Ummm. Okay I'm lost, I feel like I'm getting dumber just by reading your posts.

1. "it is never implied that the code wouldn't work, or even that the user has any clue what the hell it does, but it is implied the code might work other then it's intended if you only "imply" that it will be used a certain way."

Rephrase that in a language other than 'stupid' (english would be nice) and I'll address it.

Also, if you attempt to solve an equation and get an incorrect answer you didn't really actually 'do' it then did you? Because the problem still remains unsolved.

Definition of 'solve':
To find an answer or solution to a problem or question.

So unless you actually do that you didn't really 'do' the question did you?
 
2. Now I'm REALLY lost. Have you ever picked up a maths book before? How can the answer to a static division change, you're saying the answer to 10/0 'increases without bound', what the hell are you talking about?

Also, I don't 'keep articles on hand' I'm linking them to support my arguments because otherwise you'd probably go 'omg stop making stuff up' but it seems you complain either way. I attend this thing called 'school' (do they have those for people with intellectual disabilities as severe as yours?) in which i go to classes which teach math.
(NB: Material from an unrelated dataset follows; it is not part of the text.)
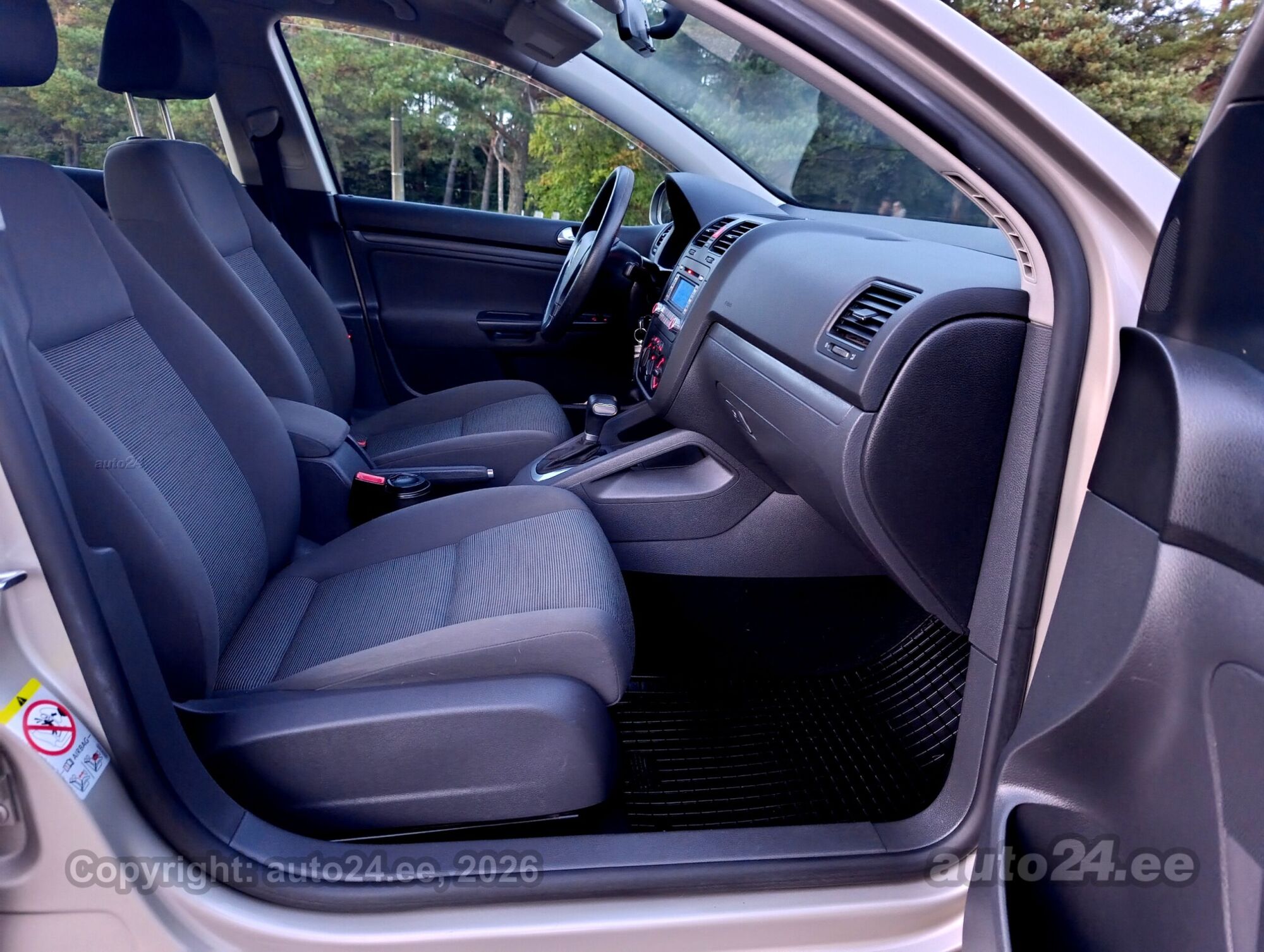 Volkswagen Golf - 9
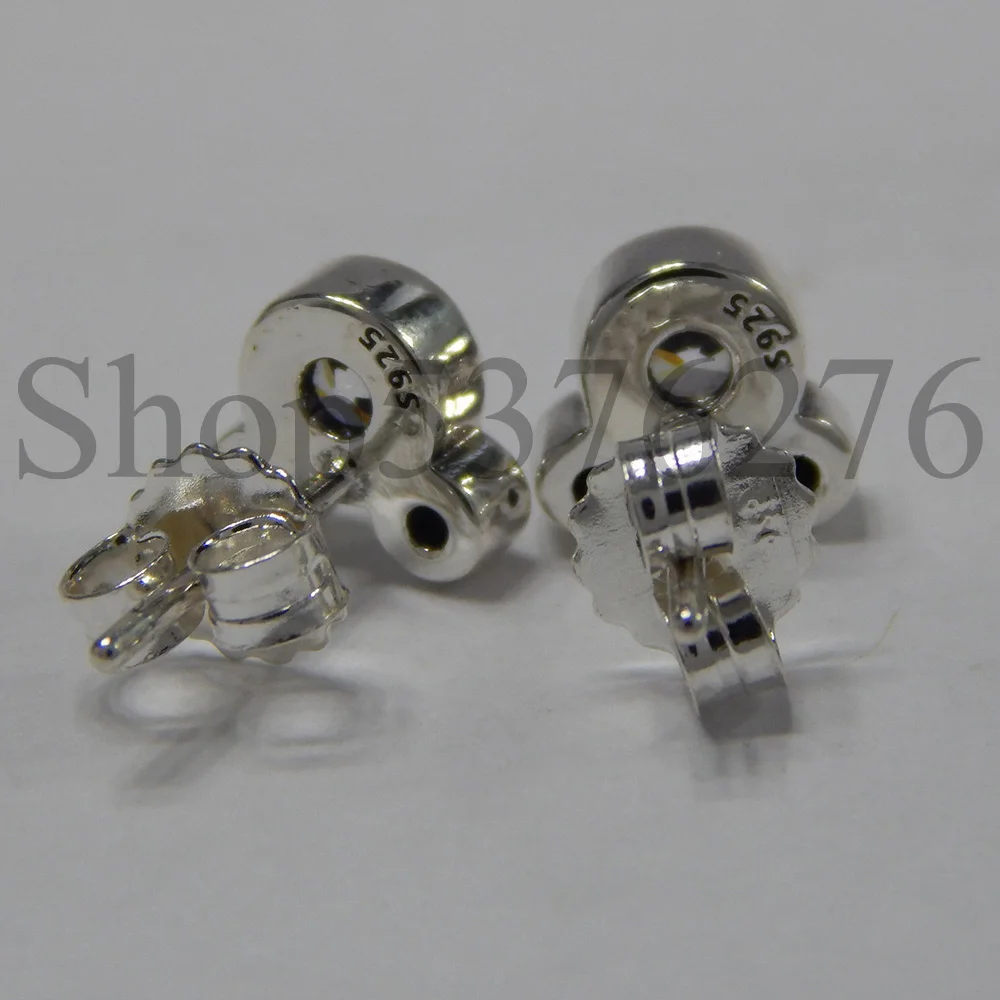 

Женские серьги-гвоздики из серебра 925 пробы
One of those classes was about division by zero, by paying attention during this class I learnt about division by zero and why it cannot be done.

I challenge you to find me a single respected mathematical paper/website/textbook/professor etc that backs up your argument that division by zero has a defined outcome and that outcome is infinity.

And before you cry "omg i didn't say division by zero equals infinity" heres a quote by you: (in reference to divison by zero)
"but if it makes you feel better anything is possible that doesn't involve mathematical equations with an infinite answer."

----------


## Cypher

> *grabs some popcorn and leans back...*



Don't just get popcorn!! Join in, it's fun.  :Big Grin:

----------


## Cursed

I cant say more on this topic sorry... :/

----------


## Shynd

Cypher 1 arigity 0. That's binary for Win.

----------


## arigity

> Ummm. Okay I'm lost, I feel like I'm getting dumber just by reading your posts.
> 
> 1. "it is never implied that the code wouldn't work, or even that the user has any clue what the hell it does, but it is implied the code might work other then it's intended if you only "imply" that it will be used a certain way."
> 
> Rephrase that in a language other than 'stupid' (english would be nice) and I'll address it.
> 
> Also, if you attempt to solve an equation and get an incorrect answer you didn't really actually 'do' it then did you? Because the problem still remains unsolved.
> 
> Definition of 'solve':
> ...


grasping at straws now? or is it, that you can come up with no better argument then "I'm lost"?

10 / 0 will never have a definite answer, because 0 can go into 10 x number of times, no matter how many times 0 goes into 10 it can still go in x more. it will forever increase, it is boundless. 

infinity -- the assumed limit of a sequence, that increases without bound.

it is not that the defined outcome of 10 / 0 is infinity, but that the outcome which can only be expressed as never ending, has no definition. (ie it has a limit of infinity) kindly note the difference. if you can find any article that can refute this logic I would love to see it  :Smile: 

you should not assume that whoever uses whatever you make will do so as you intended, sorry if you are not bright enough to catch this concept.

solving an equation and doing an equation are two different things, i assume they tell you the difference at your school right?
i only needed to do, not to solve. i said this three times already kindly pay attention, i dislike repeating myself. 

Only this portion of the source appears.